Thanks @anthony. These are text-book categorization. In early days they were mostly equivalent to public vs. private, as we mainly see permissionless blockchain as public, while permissioned blockchain in private or consortium.

As more players around, some may come up something like with permissioned consensus + permissionless access. Which means that while it is open to anyone joining the network (permissionless), only designated ones can be the “miner” or block builders (permissioned). This is different from Bitcoin or Ethereum in which anyone can be a miner. FB’s Libra or others implementing delegated consensus algorithm are taking this, as they wish to improve performance and scalability to those PoW-based blockchain (Bitcoin, Ethereum today).

It’s still largely safe to use the term permissionless and permissioned, while be caution when people are talking something differently.


Great article! I would add to the technical comparison (repeating some of your points), that these are veri different mental and business models as well:

Mental / business model #1

  • Data centric - the usual parlance is “let’s put / anchor something on the blockchain”.
  • Public, meaning anyone can use it and “mine” it, meaning make money out of it.
  • Public, in another meaning, namely that one guarantee of non-repudiation is total broadcast (see the analogy of stone money on the island of Yap).
  • Censorship resistant, meaning no government / police / court can stop you from sending money with it.
  • The network itself is the issuer of value. The Canton white paper puts it like “the digital equivalent of gold nuggets”.
  • Simple synchronization mechanism, based on data blocks and hash chaining. The downside is that very slow and energy inefficient.
  • No sophisticated ID mechanism, parties are represented by PKI public keys.
  • The danger of 51% attack is constantly looming, see eg. Ethereum classic, and complaints about BTC mining pool concentration.

Mental / business model #2

  • Transaction centric
  • Consortial, supporting the operation of consortia, conducting usual business activity, backed by legal contracts. The business model of the consortium using it is strategic advantage and/or cost efficiency.
  • Not censorship resistant (eg. malicious parties can be boycotted)
  • Complex mechanism, usually not using the Nakamoto style blocks and chain, instead multiphase commit protocols (Canton eg. uses stakeholder based two-phase commit protocol)
  • Sophisticated ID management mechanism, aligned with OAuth and enterprise IAM

I very much like the idea of partitioning these into different mental/business models and I really like these takes.

One caveat though, I don’t think this is a concern for Bitcoin*. For smaller blockchains absolutely but there are some very expensive deterrents to miners misbehaving on larger chains. Perhaps one of my favorite reads on the subject. And more to the point Bitcoin’s mining pool concentration is decreasing long term.

*Caveating my caveat with the caveat that Bitcoin does need to establish a solid fee market over the next ~8-12 years in order to remain viable due to its decreasing block subsidy.

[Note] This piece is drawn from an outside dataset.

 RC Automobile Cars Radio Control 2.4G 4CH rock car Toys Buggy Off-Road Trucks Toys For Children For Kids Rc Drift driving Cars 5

Agreed. This happens a lot in practice in the public blockchain space with different mechanisms that appear as permissionless consensus in implementation but are actually permissioned in practice.

Also you’ve convinced me that “distributed ledger” is the best way to describe the superset of all of these technologies.


Then let me uncertain you concerning the term “distributed ledger”.

  1. In many cases, like BTC, ETH or Fabric, it’s actually not distributed but replicated.

  2. It’s not ledger in the accounting sense of the word. I accounting, a ledger is a collection of accounts with strictly defined structure, implementing double-entry bookkeeping. What is meant here is called a “journal” in accounting terms, a list of economic events, see a footnote to the DAML documentation.

I think the term generally used in the DAML docs “shared virtual lesger” is ok, despite the slight ambiguity of the “ledger” part. The “shared virtual” part covers the many different topologies which can be found in real life systems.


You’re right. Naming these things is hard.